Gunmen attack Pakistan power station, kill 7

Dozens of gunmen attacked an electricity plant in northwest Pakistan, killing seven people and disrupting power to 100,000 people overnight, officials said Tuesday.

Pakistani police respond after an attack in Peshawar on February 18, 2013. Dozens of gunmen attacked an electricity plant in northwest Pakistan, killing seven people and disrupting power to 100,000 people overnight, officials said Tuesday.

It was the latest audacious assault underscoring rising violence in the northwest as Pakistan prepares to hold general and provincial elections on May 11, which are due to mark the country's first democratic transition of power.

Around 50 militants targeted the plant in Badh Bher a suburb of Peshawar, a key electoral battleground and the capital of Khyber Pakhtunkhwa province which is rife with Al-Qaeda-linked militants and Taliban insurgents.

"They attacked the power station at around 2:30 am (2130 GMT). They killed two officials on the spot and abducted 10 others," Javed Khan, a senior police official in the area, told AFP.

"They threw five dead bodies of the kidnapped officials in the fields close to the power house on Monday morning. Five others are still missing."

There was no immediate claim of responsibility for the attack.

A spokesman for the Peshawar Electricity Supply Company (PESCO) said four of its staff and three policemen were killed.

"One PESCO employee and one policeman were killed on the spot. The militants then kidnapped seven PESCO employees and three policemen.
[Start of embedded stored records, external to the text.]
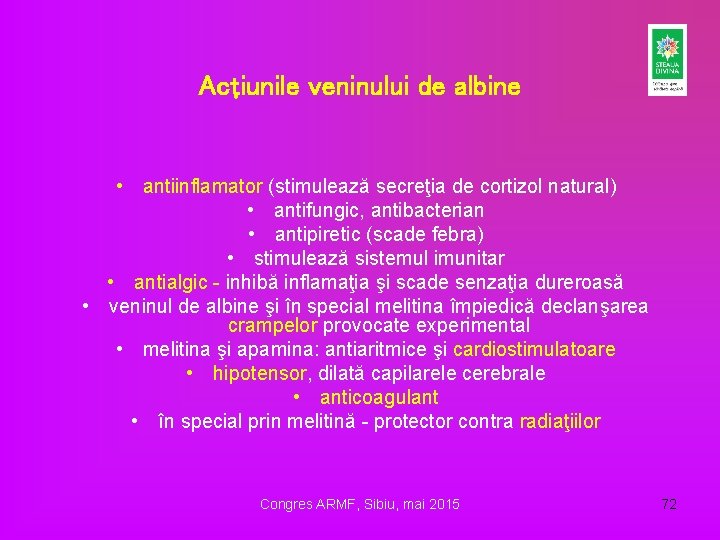Acţiunile veninului de albine • antiinflamator (stimulează secreţia de cortizol natural) • antifungic, antibacterian Acţiunile veninului de albine • antiinflamator (stimulează secreţia de cortizol natural) • antifungic, antibacterian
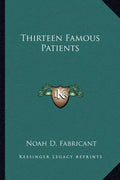 Thirteen Famous Patients - Paperback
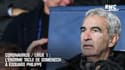 Coronavirus / Ligue 1 : L’énorme tacle de Domenech à Edouard Philippe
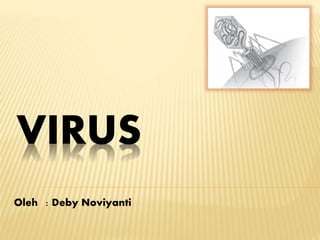 VIRUS
Oleh : Deby Noviyanti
Later, we found the bodies of three PESCO officials and two policemen," said Shaukat Afzal.

"Four power house employees and one policeman are still missing."

The attack shut down electricity for five hours, affecting around 100,000 people in surrounding areas, the spokesman said. "We later restored electricity in those areas through alternate sources," Afzal said.

There are fears that rampant insecurity could prove a major challenge for the vote, not least in Peshawar, home to 2.5 million on the edge of the tribal belt on the Afghan border, Pakistan's premier Taliban and Al-Qaeda stronghold.

The Tirah Valley has offered Pakistan's umbrella Tehreek-e-Taliban (TTP) a new base in the tribal district of Khyber, beyond the reach of ground troops and posing a heightened threat to Peshawar.

On Sunday, a bomb attack near an election rally killed two people and injured six, including a candidate in the northwestern town of Bannu.

TTP claimed responsibility for the bombing and threatened more attacks against the ANP, the secular Awami National Party that headed the outgoing government in Khyber Pakhtunkhwa.

The Pakistani Taliban have threatened the main secular parties who backed army operations against the Islamist militants.

Pakistan says more than 35,000 people have been killed as a result of terrorism in the country since the 9/11 attacks on the United States.